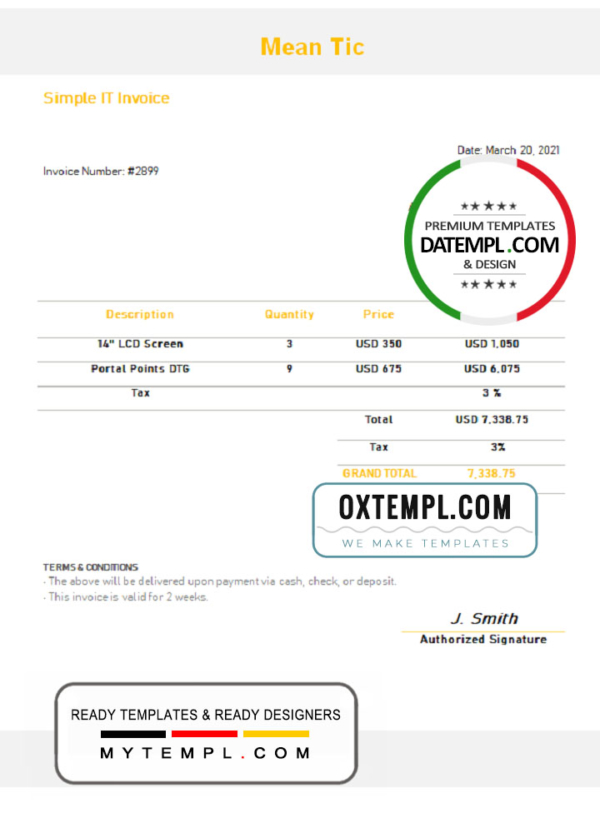 USA Mean Tic invoice template in Word and PDF format, fully editable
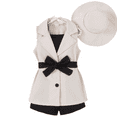 thumbnail image 1 of SUCS Girls Set 100%cotton Suspender Top Shorts Sleeveless Suit Jacket Hat 4pcs Daily, 1 of 9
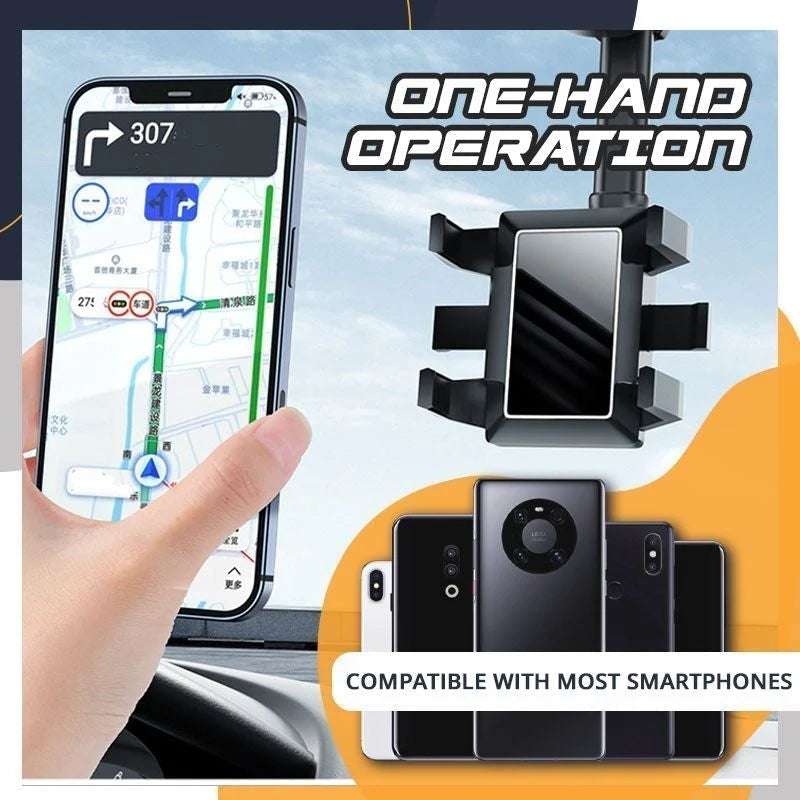 🚗 A navigáció közben a telefon elmozdul vagy rossz szögben áll? – Ez a tartó állítható rúddal és 360°-os forgással biztosítja a tökéletes látószöget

----------------------------------------

**REQUIREMENT:** Output all the material verbatim, skipping every image.

**ANSWER TO THE PROBLEM:**
 USA Mean Tic invoice template in Word and PDF format, fully editable
 thumbnail image 1 of SUCS Girls Set 100%cotton Suspender Top Shorts Sleeveless Suit Jacket Hat 4pcs Daily, 1 of 9
 🚗 A navigáció közben a telefon elmozdul vagy rossz szögben áll? – Ez a tartó állítható rúddal és 360°-os forgással biztosítja a tökéletes látószöget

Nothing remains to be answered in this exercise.